Today's column is written by Amiad Solomon, CEO at Peer39.
When watching an NFL or NASCAR event on TV, you expect that most of the commercials aired will be for beer, restaurants, shavers, or cars. Although television does not possess the granular targeting technologies we utilize online, advertisers are expert in predicting what sort of audience these events will attract and they buy ad time accordingly. It’s the proven way to reach an audience.
Reaching audience at scale in the digital environment proved to be much more complicated. With content distributed across nearly infinite locations, it became nearly impossible to build critical mass in audience by targeting to specific types of content alone. It became necessary to for advertisers to work with behavioral and audience targeting providers, who could leverage cookies and vast content networks. This became the one way to reach targeted audiences at scale to meet campaign goals online - buying audiences using in-market and other traditional data sets.
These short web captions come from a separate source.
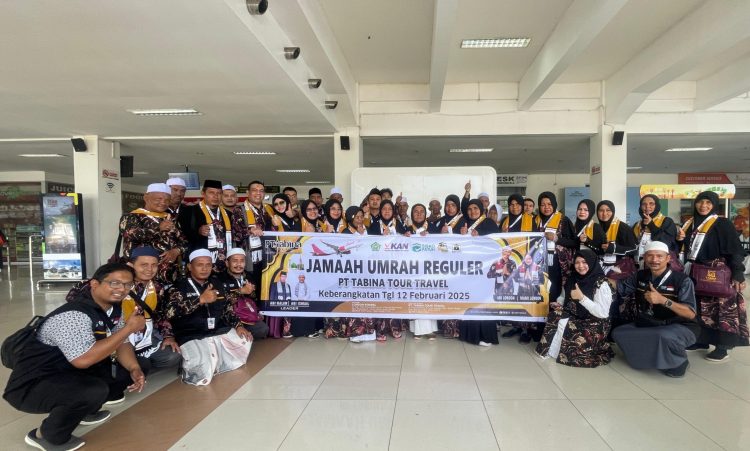 PT Tabina Tour Travel Berangkatkan Kloter ke-11 Jamaah Umrah dari Banda Aceh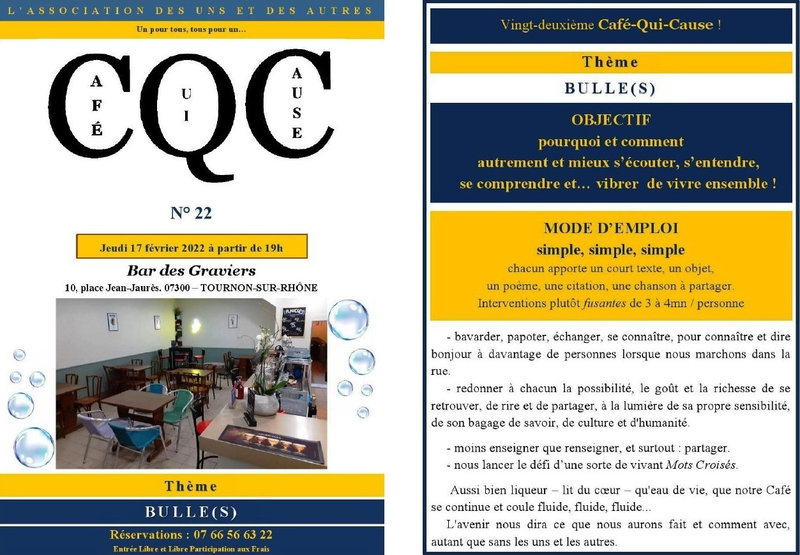 C-Q-C VINGT-DEUXIÈME FLYER - BULLE-S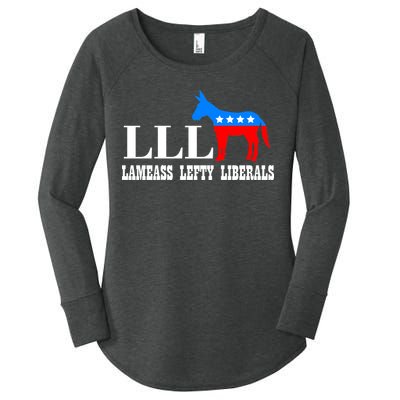 LLL - Lameass Lefty Liberals Anti Liberal Women's Perfect Tri Tunic Long Sleeve Shirt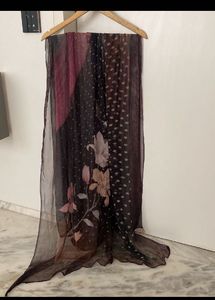 combo of blue kurti and Dupatta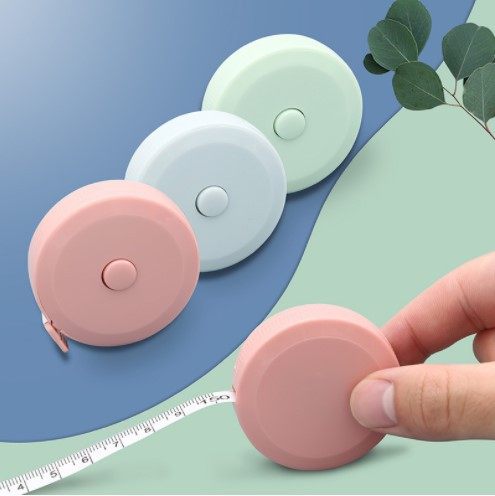 Mini Small Soft Ruler 1.5 m Plastic Tape Ruler Tape Ruler Telescopic Measuring Ruler Automatic Three-way Ruler Student Tape Ruler
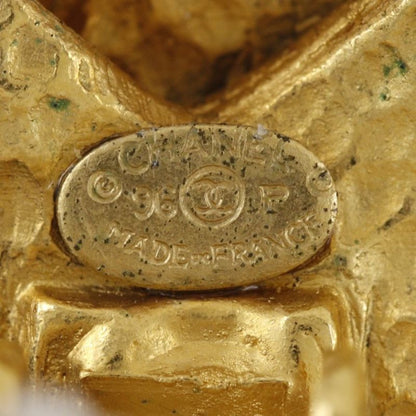 Chanel Coco Mark Vintage Gold Plated 96P Ladies 11.7g Earring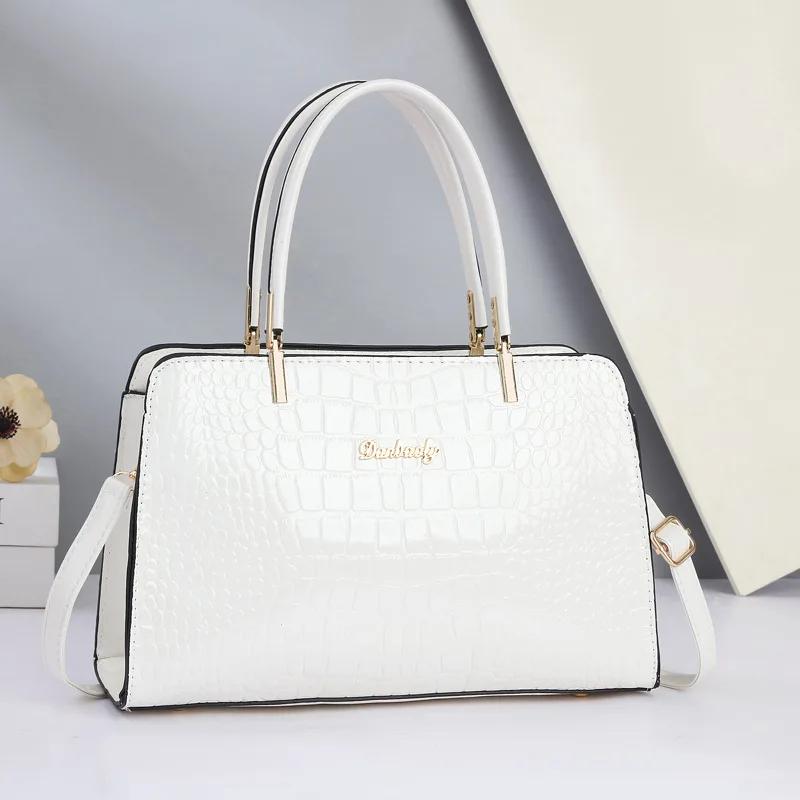 Women'S Handbag Classic Crocodile Pattern Shoulder Bag High-Quality Casual Crossbody Bag Fashionable and Versatile Women'S Bag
Reaching audiences via the content they are consuming is clearly not new, and is certainly effective. Getting the right message to the right audience at the right time is the holy grail of marketing. Until very recently, it was impossible to target content at scale, and connect to the ideal audience. Semantic targeted advertising makes it possible across massive amounts of unrelated digital content, and it is also complementary to today’s most effective behavioral strategies. How effective would it be for a luxury car maker to reach the in-market car buyer while he is reading a piece about positive financial news? This is where semantic advertising can take us online. By enabling advertisers to take full advantage of knowing what a user is interested in at the moment, semantically targeted ads deliver the relevant message to the proper audience at just the right time.